I am confused as to why you WDS link between your T1 and the Tower? Can’t you simply add a single route to AP1 from your T1 interface and let AP1 do all the routing, nat’ing, or masq’ing from there to/from your T1?

If you setup VPN to AP1 then you only need to use a single public IP to access AP1. You simply VPN in to AP1 and from there you just use local addresses to access anything on your wireless network…

There will be congestion at the tower - but with an RB333 you should be able to handle 50+mbps of traffic (turbo mode + solid connection to AP1) 20 -25 mbps (non-turbo mode + solid connection).

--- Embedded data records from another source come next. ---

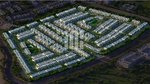 2 bedrooms Villa in Yas Island, UAE No. 2496 - Image 6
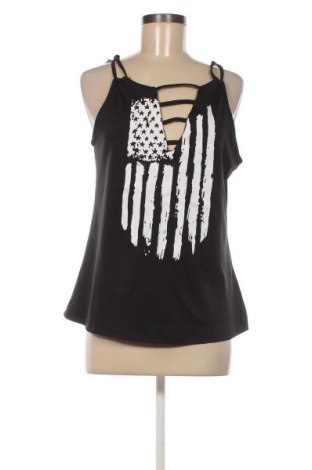Damentop SHEIN, Größe XL, Farbe Mehrfarbig, Preis € 14,77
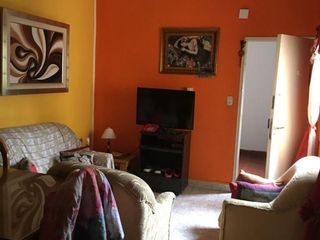 Foto 3 de Departamento en venta - 2 Dormitorios 1 Baño - Cochera - 50Mts2 - Ciudad Evita, La Matanza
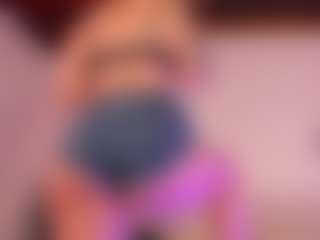 KiimLee's Live Sex Cam Show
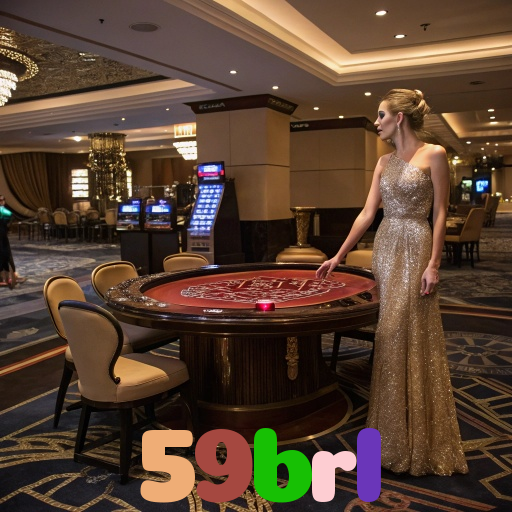  59brl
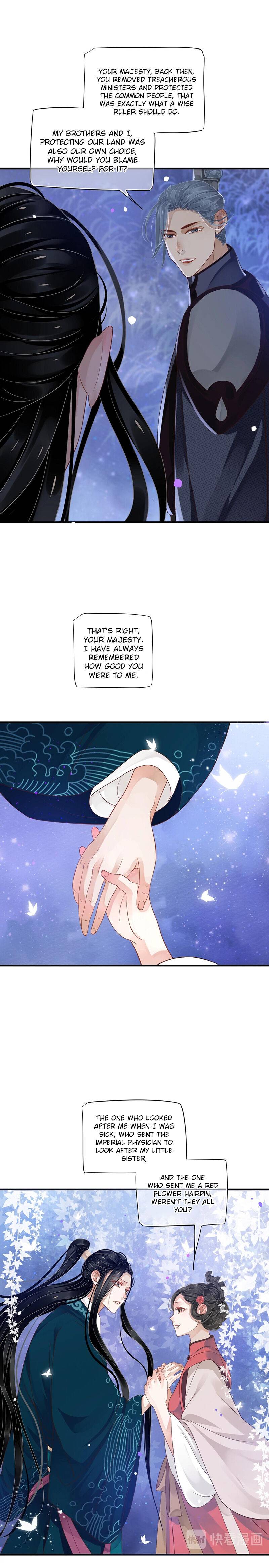 Page 14 of Chapter 93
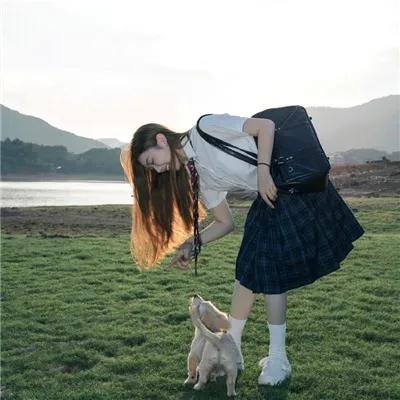 猴爪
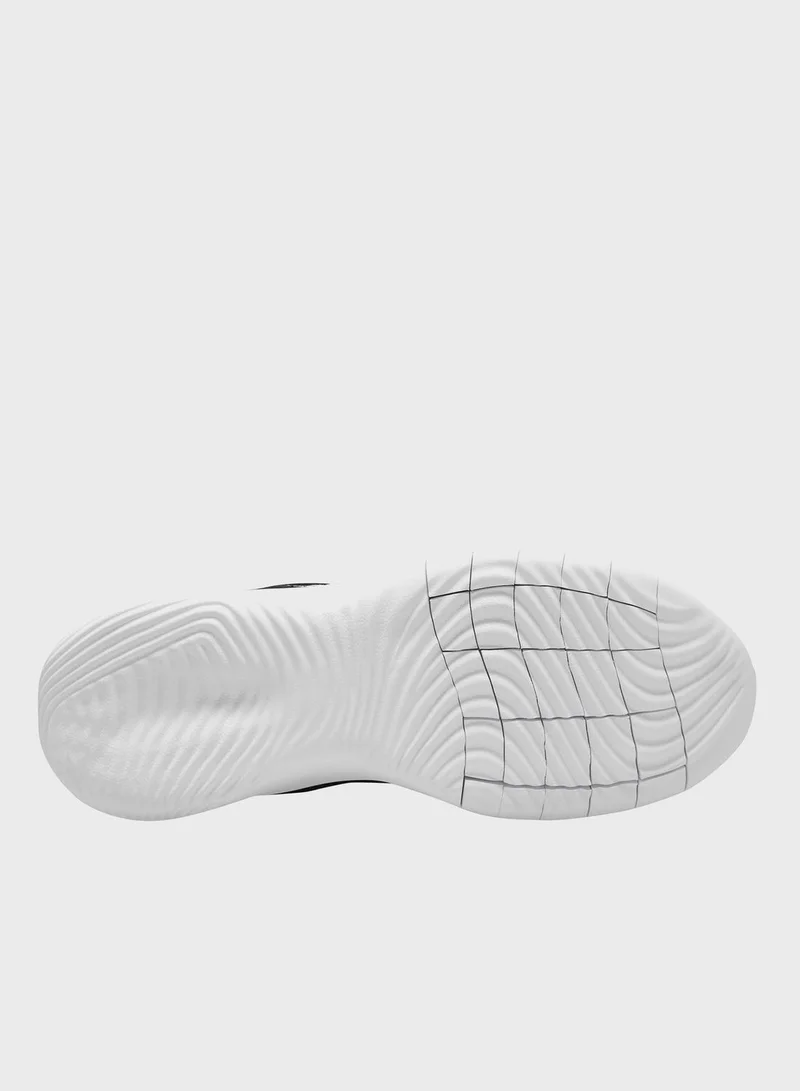 Nike Flex Experience Rn 11 Nn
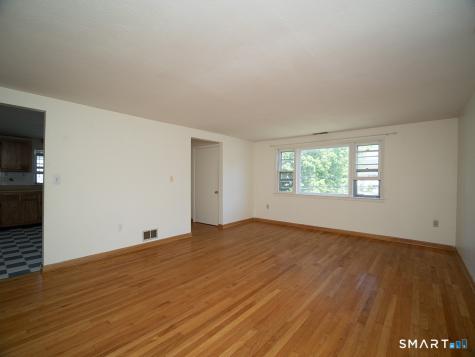 38 Landin Street Woodbridge CT 06525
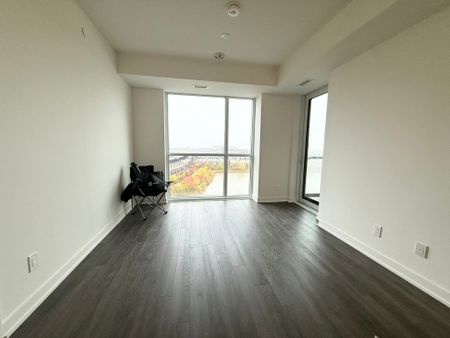 For Lease - 3071 Trafalgar Road Unit# 703, Oakville, Ontario - Photo 5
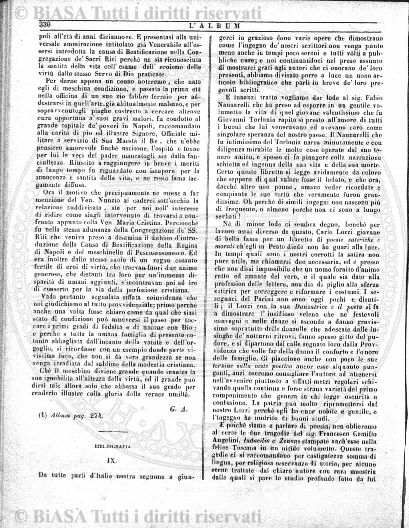 n. 15-16 (1876) - Pagina: 225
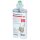 Technobase®  2CB SuperFast Kartusche 210 ml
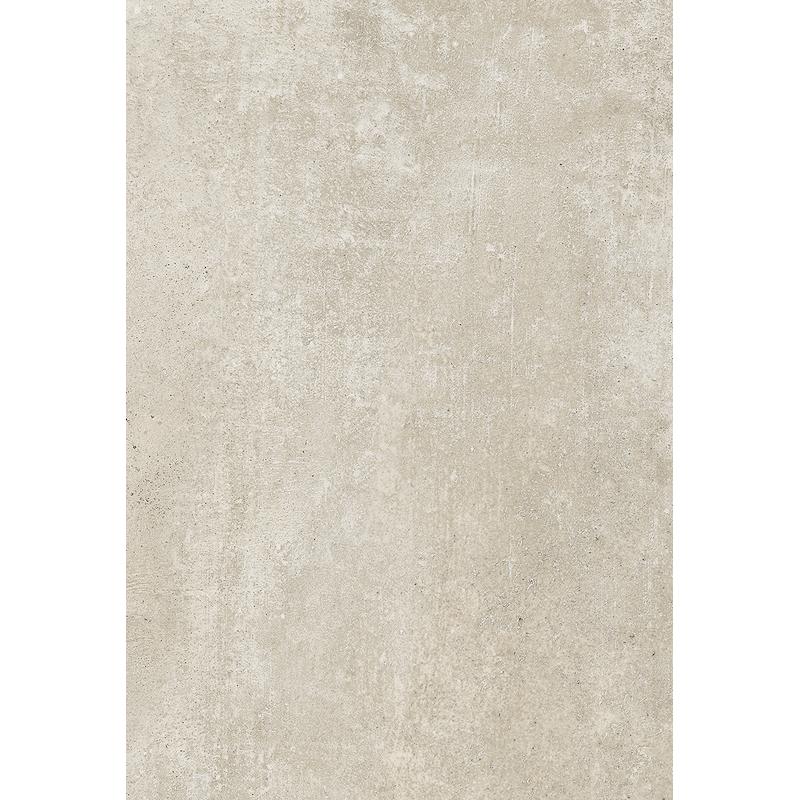 Tuscania GREY SOUL Sand 60x90 cm 20 mm Structured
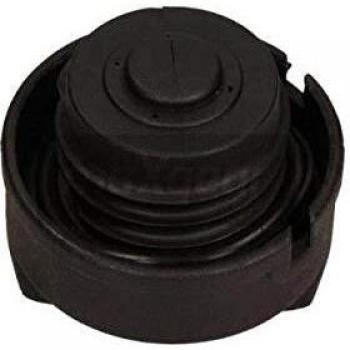 Tapa de depósito de combustible MAXGEAR 28-0375 para VW, AUDI y OPEL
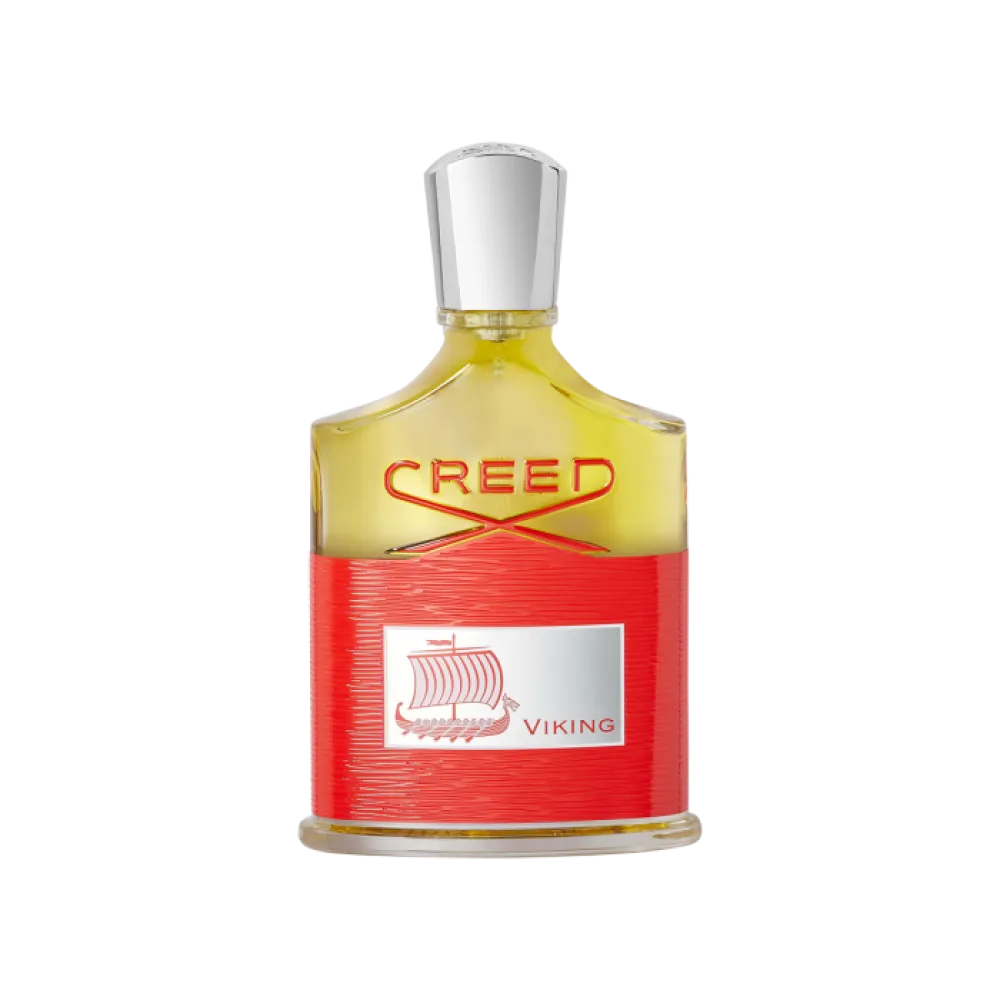 Creed - Viking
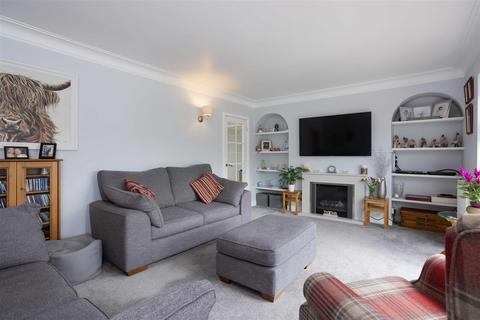 undefined, Wetherby Road, Tadcaster LS24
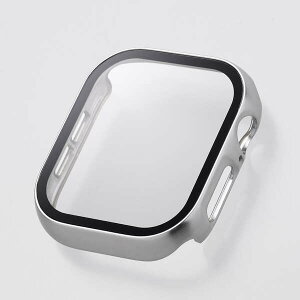 y[zGR AbvEHb` Jo[ Apple Watch Series 10 [ 46mm ] tJo[ \ʍdx10H Sʕی wh~ Uh~ ^bN 2d\ Vo[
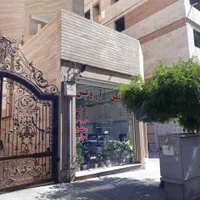 ۴۴متر مغازه ملکیت سرقفلی|فروش مغازه و غرفه|تهران, گرگان|دیوار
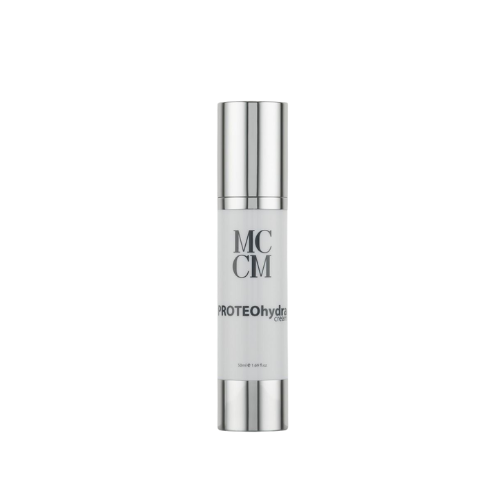 MCCM PROTEOhydra Cream 50ml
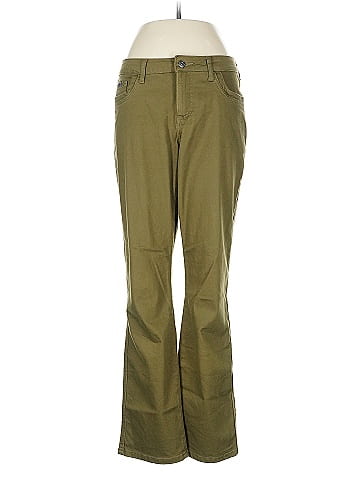 Kuhl Jeans (view 1)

Later - as you grow - you can set some queuing in the APs that serve your clients. If you are using client CPEs that allow queuing locally then you can set a lot of that up along w/some firewall rules in the clients themselves to take the load off of your APs and backhauls and ‘main’ router(s).

If you want to ‘talk’ to some folks that have used bridging and are trying to get away from it because of all the issues when used over wireless w/many clients - find ‘wirelessrudy’ or ‘gunzoid’ posts and ask them how much better routed is over WDS / bridged networks…

Thom

0ldman -
No I am not ‘following you’ around the forum… > :slight_smile: > I just happen to be on the forum being helpful… I have a medium size WISP 1000+ about 1/3 commerical users…I am just passing on what I have learned over the years…

Actually, I was looking forward to your answer.

I am confused as to why you WDS link between your T1 and the Tower? Can’t you simply add a single route to AP1 from your T1 interface and let AP1 do all the routing, nat’ing, or masq’ing from there to/from your T1?

I’ll see what I can come up with as far as addresses on the T1 side. Its not actually a T1, it is a portion of a 10Mb fiber. Aside from the radio on their tower, I have no equipment at that location. That is why I was looking at making that shot as transparent as possible. It seems that a few points (pretty much the p2p shots) in my layout would be so much simpler bridged.